The curtain walls had seemed taller then, rough grey stone, stained with damp even in the summer months, weeds growing from every crevice and all sorts of filth underfoot. Eelby’s wife stood on an unswept step of the kitchen, washing beetle in hand, while unfed dogs snarled on chains and the air was sour with the smell of their waste.
‘What is it?’ Richard had asked, wrinkling his nose. Eelby’s wife had stared at his bandaged eyes and then looked away, quickly crossing herself and whispering some prayer.
‘A welcome,’ Katherine had told him. ‘Of sorts.’
‘Where is everyone?’ he’d asked.
‘Dead,’ someone had answered. This had been Eelby, the castle’s reeve, emerging from the lower door of the gatehouse from where he’d been watching them cross the fen. She’d disliked him from the moment she saw him – broad and squat, with fleshy ears and small, mean eyes – and neither did he like her.
‘Dead?’ she’d asked.
‘Aye,’ Eelby had said. ‘Every man save meself went north with Sir Giles Riven and we’ve given up on ’em coming home now.’
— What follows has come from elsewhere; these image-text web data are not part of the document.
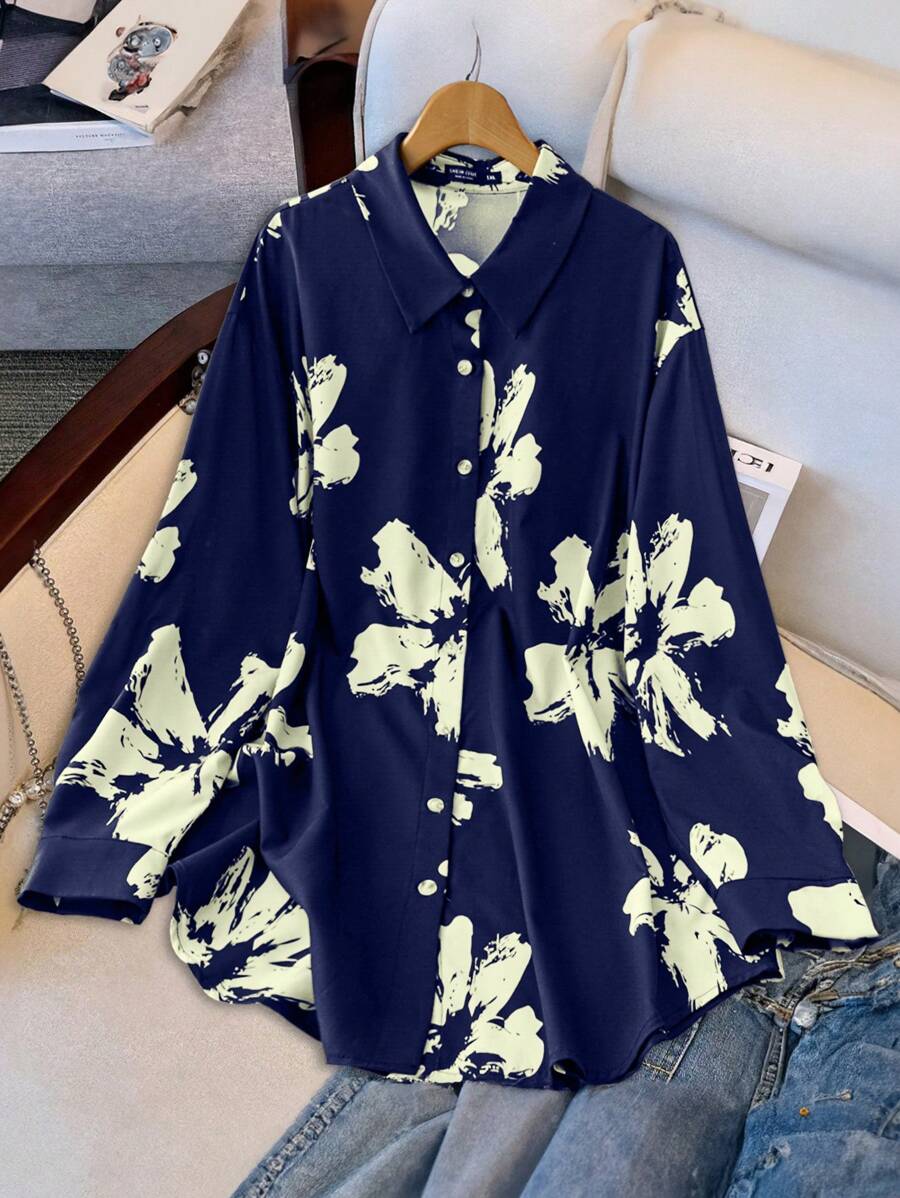 SHEIN Clasi 1pc Women Plus Size Full Open Black Base Printed Long Sleeve Shirt, Suitable For Autumn/Winter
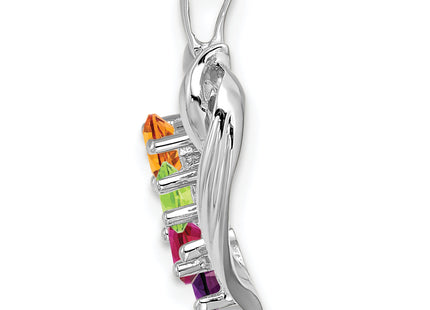 14k White Gold 4 Stone Family Pendant Mounting, 19 x 13mm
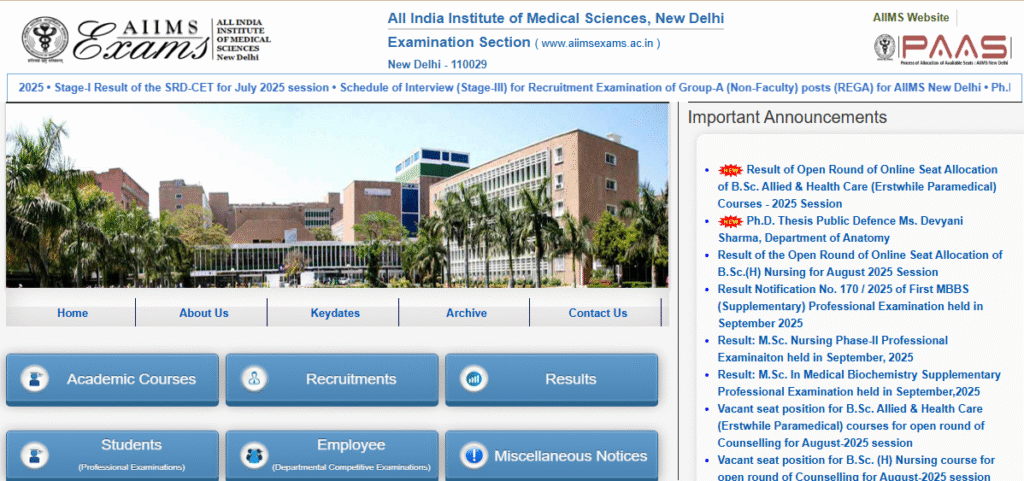 AIIMS CRE 2025 Result Download Link & Process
Eelby had said this as if it were somehow her fault, as if she, Katherine, had been responsible for their deaths, but she had ignored him and had taken a moment to look around at the castle, to note the accretion of filth, the dilapidation of the stone, the rot in the wood. There were jackdaws in the roof, and a bush of some sort springing from between the stones up by the crenellations. Apart from the new stone badge of Riven’s crows that had been put in place of the old Cornford arms, she supposed, the castle looked to have been falling to pieces for some time. It was strange to see how little it had been valued by Riven while Sir John Fakenham and his son Richard had spent so much time, energy and blood to acquire it.